Anti-corruption investigators in Beijing are expected to launch an inquiry into multibillion-dollar deals Lucent Technologies and others secured to supply the country’s vast telecom market.
Lucent Technologies, one of the biggest US telecom equipment makers, has reportedly submitted an 800-page report to investigators into possible violations of US anti-corruption laws involving its China operations.
South China Morning Post quotes sources as saying that the anti-corruption bureau of Beijing Municipal People’s Procuratorate is having the report translated.
They believe investigators will use the report to launch a comprehensive probe of the country’s telecom industry. Investigators are hopeful the report will provide names of individuals and companies implicated in the violations.
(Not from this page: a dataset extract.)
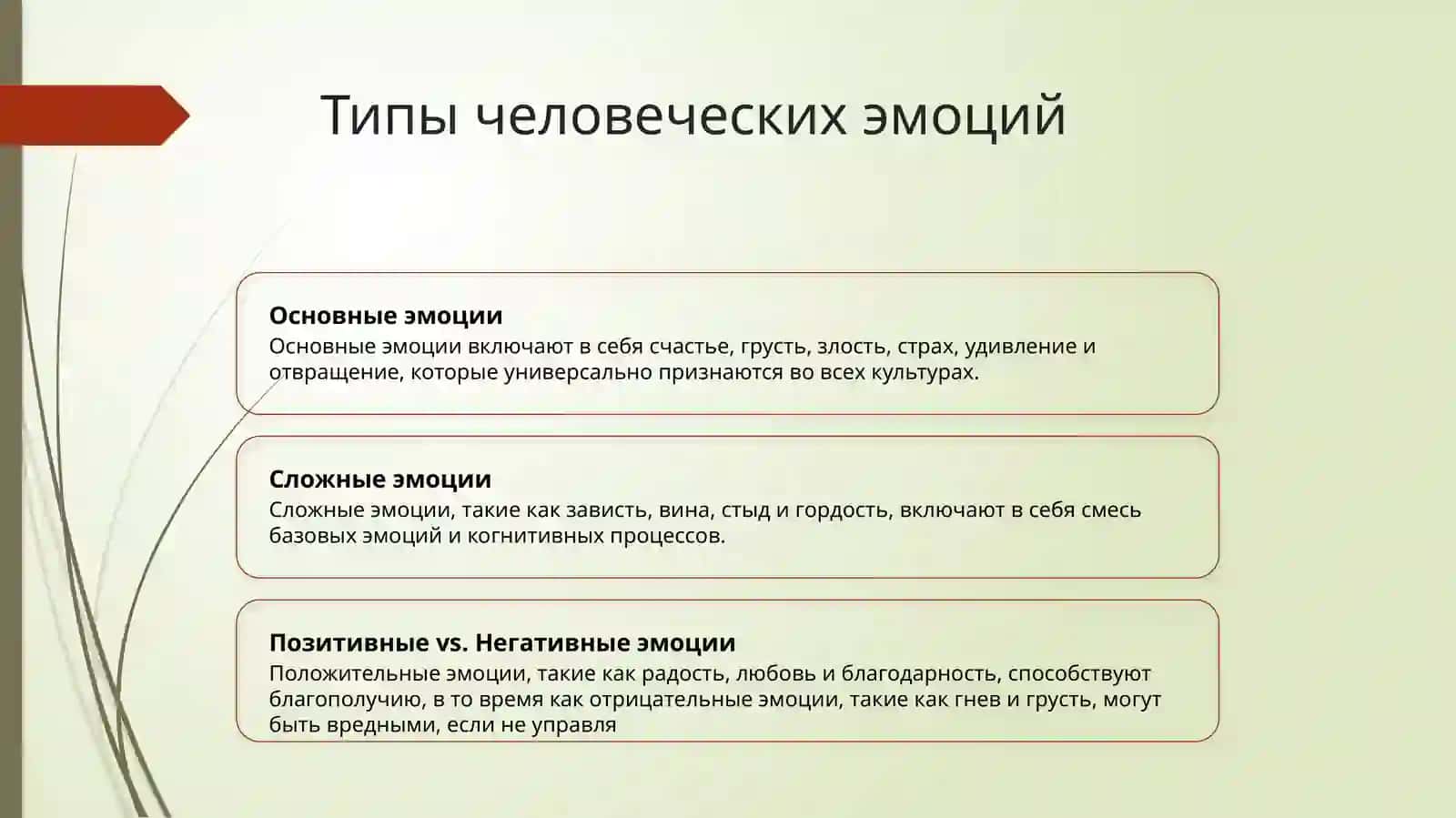 Человеческие эмоции 4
Most of the country’s telecom companies are Lucent clients, including China Telecom, China Unicom and China Netcom. Some officials and operators have allegedly received huge bribes for approving purchases of equipment worth hundreds of millions of US dollars from both foreign and domestic makers.
Officials from Lucent’s China operations said they were not aware of the report being handed to investigators, while the company’s Asia-Pacific office declined to comment.
In April, Lucent Technologies announced it had dismissed four senior executives from its China operations for allegedly violating the US Foreign Corrupt Practices Act.
Curiosity was provoked last week when China Unicom, China Mobile and China Telecom exchanged senior managers, apparently to “curb irrational industry competition.”